The lease of 20 years to the Company was further extended. Territories of India were to be governed in the name of the Crown.

The Company’s monopoly over trade with China and in tea also ended.

All restrictions on European immigration and the acquisition of property in India were lifted. Thus, the way was paved for the wholesale European colonisation of India.

In India, a financial, legislative and administrative centralisation of the government was envisaged:

— The governor-general was given the power to superintend, control and direct all civil and military affairs of the Company.

— Bengal, Madras, Bombay and all other territories were placed under complete control of the governor-general.

— All revenues were to be raised under the authority of the governor-general who would have complete control over the expenditure too.

— The Governments of Madras and Bombay were drastically deprived of their legislative powers and left with a right of proposing to the governor-general the projects of law which they thought to be expedient.

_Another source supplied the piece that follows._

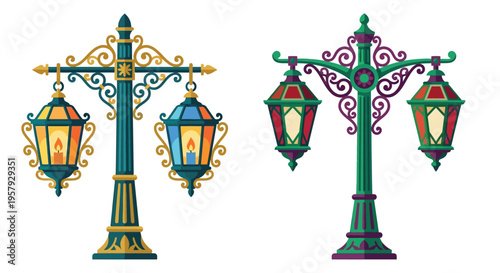 Two ornate vintage street lamps with illuminated lanterns are displayed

A law member was added to the governor-general’s council for professional advice on law-making.

Indian laws were to be codified and consolidated.

No Indian citizen was to be denied employment under the Company on the basis of religion, colour, birth, descent, etc. (Although the reality was different, this declaration formed the sheet-anchor of political agitation in India.)

The administration was urged to take steps to ameliorate the conditions of slaves and to ultimately abolish slavery. (Slavery was abolished in 1843.)